**Description of the task**. From the data below, set down exactly the lines between the one holding "苏格兰世界杯门将冈恩官宣离队" and the one holding "Nem sempre são", inclusive, and no others.

**Provided records**.
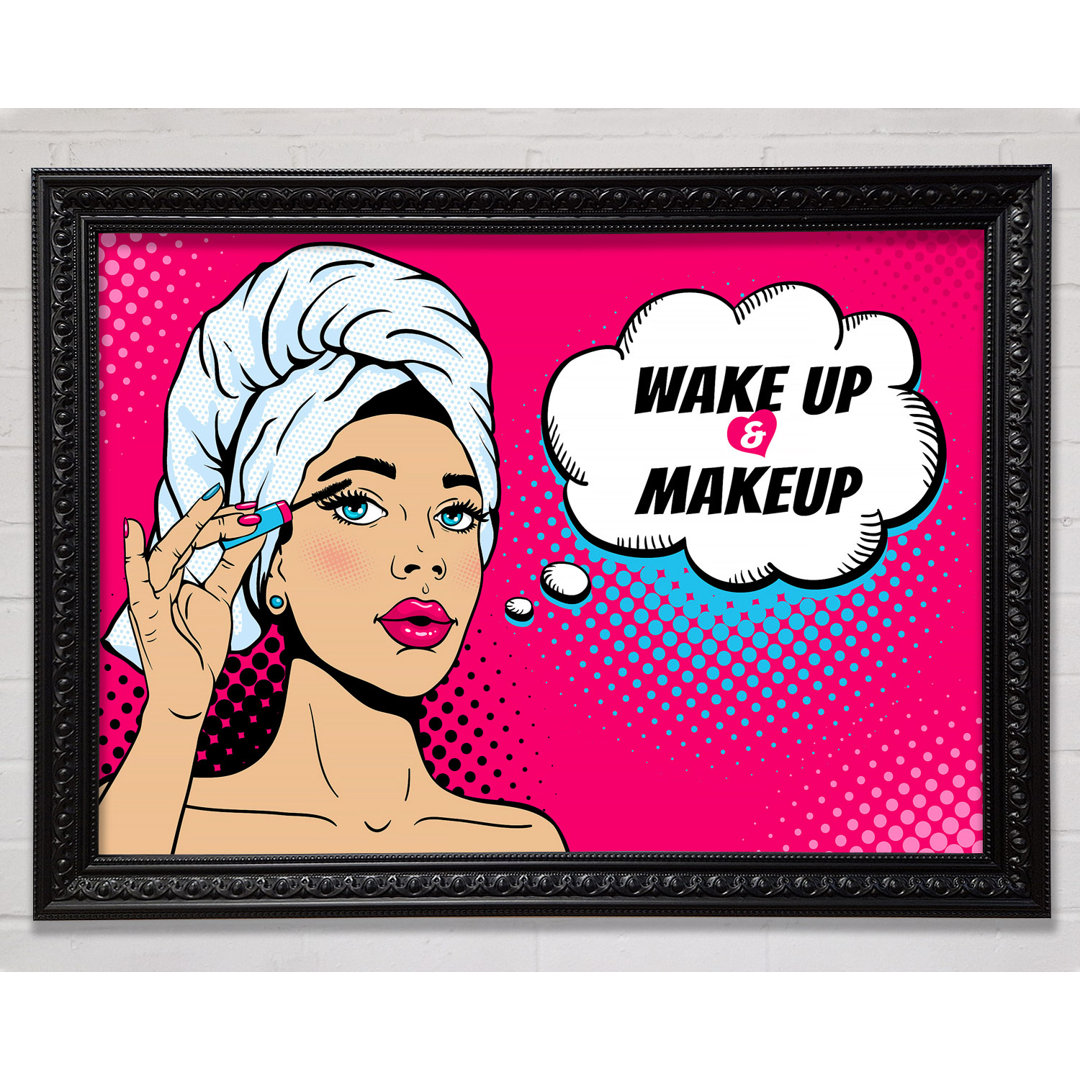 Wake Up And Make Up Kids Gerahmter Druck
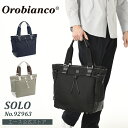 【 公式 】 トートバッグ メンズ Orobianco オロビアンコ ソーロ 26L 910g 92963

* * *

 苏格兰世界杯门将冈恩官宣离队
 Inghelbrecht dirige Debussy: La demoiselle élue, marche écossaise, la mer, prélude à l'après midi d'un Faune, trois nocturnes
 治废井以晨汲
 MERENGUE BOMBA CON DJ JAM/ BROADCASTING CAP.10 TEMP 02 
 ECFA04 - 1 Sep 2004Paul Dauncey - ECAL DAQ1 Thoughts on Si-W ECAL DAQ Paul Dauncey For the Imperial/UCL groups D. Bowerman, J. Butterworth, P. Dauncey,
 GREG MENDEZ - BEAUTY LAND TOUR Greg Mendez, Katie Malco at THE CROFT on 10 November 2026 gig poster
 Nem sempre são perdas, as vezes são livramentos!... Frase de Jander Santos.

**Solution to the problem**.
 苏格兰世界杯门将冈恩官宣离队
 Inghelbrecht dirige Debussy: La demoiselle élue, marche écossaise, la mer, prélude à l'après midi d'un Faune, trois nocturnes
 治废井以晨汲
 MERENGUE BOMBA CON DJ JAM/ BROADCASTING CAP.10 TEMP 02 
 ECFA04 - 1 Sep 2004Paul Dauncey - ECAL DAQ1 Thoughts on Si-W ECAL DAQ Paul Dauncey For the Imperial/UCL groups D. Bowerman, J. Butterworth, P. Dauncey,
 GREG MENDEZ - BEAUTY LAND TOUR Greg Mendez, Katie Malco at THE CROFT on 10 November 2026 gig poster
 Nem sempre são perdas, as vezes são livramentos!... Frase de Jander Santos.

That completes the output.